ABC-IGNACIO CAMACHO
Más allá de la legítima y lógica autodefensa, el testimonio de Trapero apuntó ciertos ribetes de ajuste de cuentas
ALGO debió de pasar con el mayor Trapero en el seno del separatismo para que, al llegar Torra a la Generalitat, no le devolviese la relevancia que había perdido durante la aplicación del artículo 155. Ciertamente estaba ya encausado pero fue llamativo que el nuevo Gobierno catalán lo mantuviera en el ostracismo. El exjefe de los Mozos de Escuadra es o era un independentista convencido al que vimos tocando la guitarra en un célebre vídeo de unas vacaciones junto a Puigdemont, Rahola y su círculo íntimo. Un año después, tras el atentado de las Ramblas, los soberanistas lo convirtieron en un mito a pesar de los fallos acreditados en la prevención del terrorismo. El procés necesitaba rostros de referencia, caudillos, y Trapero encarnaba la quimera de una suerte de ejército nacional con plena autonomía de ejercicio. Sin embargo, el 1-O se llevó por delante su prestigio por algún inexplicado motivo. Porque cumplir, cumplió su cometido, que era el de facilitar el referéndum fingiendo que trataba de impedirlo.
Ayer, en las Salesas, dejó a sus antiguos superiores malparados. Y si su declaración no resultó un completo testimonio de cargo fue porque el acusador de Vox, Ortega Smith, cometió un fallo procesal que le augura mejor futuro como político que como abogado.
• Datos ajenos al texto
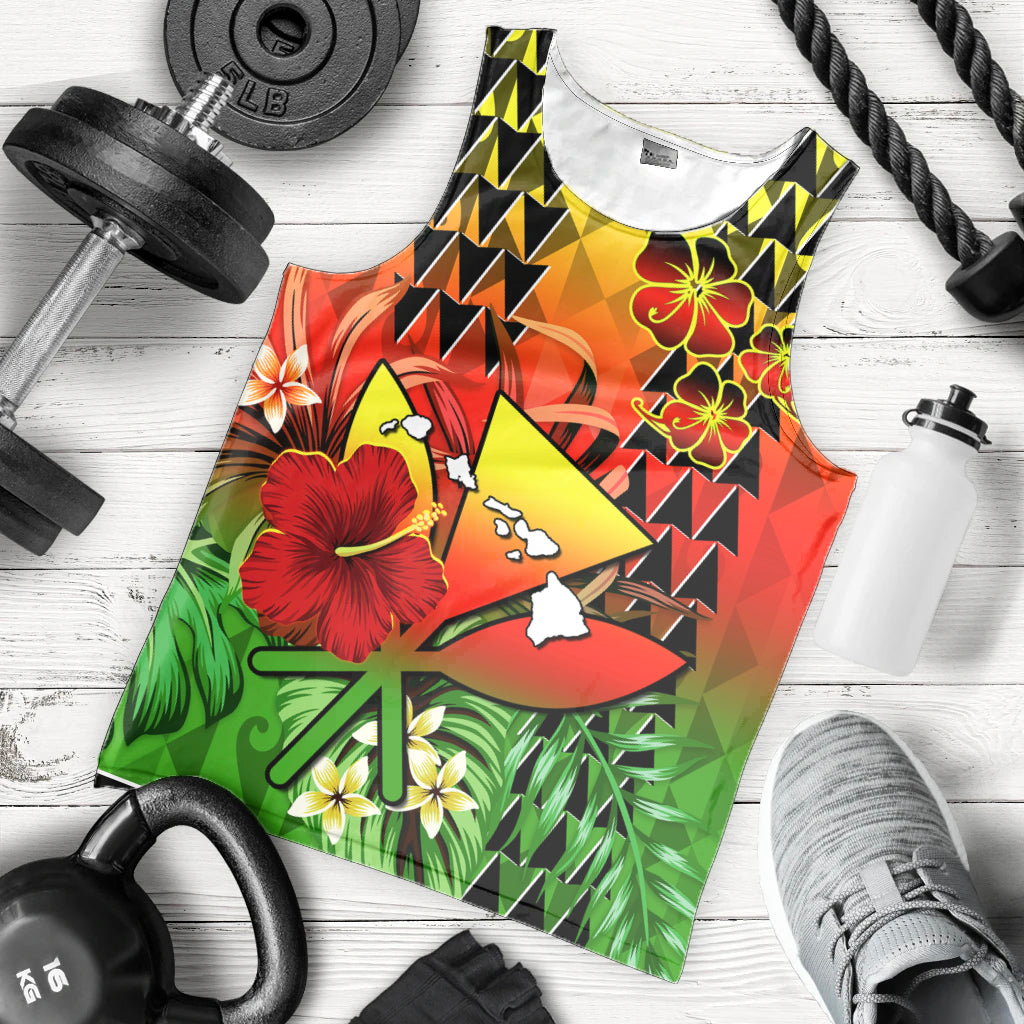 Hawaii Flowers Men Tank Top Color Tribal Pattern Hawaiian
Siendo él quien lo había citado, se olvidó de preguntarle por la reunión clave, la de vísperas del día de autos, de modo que el tribunal ya no pudo admitir que el interrogatorio discurriese fuera del marco establecido por el propio letrado. Aun así, el testigo dejó primero en evidencia a los dirigentes que lo encumbraron, reconoció la ilegalidad de la consulta y empujó a Forn, su jefe directo, a los pies de los caballos. Lo tildó –varias veces– de irresponsable con un desdén deliberado que no parece sólo fruto de su interés en ponerse a salvo de la acusación de rebelión que pesa sobre él en otro sumario. Luego, avanzada la tarde, soltó la bomba de efecto aplazado: el operativo para detener a Puigdemont en caso de haber recibido el correspondiente mandato.
Toda esa declaración, detallada, minuciosa, extensa, apunta más allá de la lógica exculpación del papel de sus hombres y de su propia encomienda. El alto oficial podía haberse acogido a silencio por estar procesado en una causa paralela; no lo hizo porque quería que se le oyera, con plena conciencia de que dejaba a varios de los acusados más cerca de la condena. Y esa decisión fría puede obedecer a dos razones no incompatibles entre sí: la primera, que el juicio haya desatado en el independentismo un movimiento de sálvese quien pueda; la segunda, una intención solapada –o no tanto– de ajuste de cuentas.
En cualquier caso, después de la jornada de ayer tiene difícil seguir siendo un ídolo en la Cataluña del procesismo. Y algunos de sus compañeros de veladas de estío pensarán que con amistades así no se necesitan enemigos.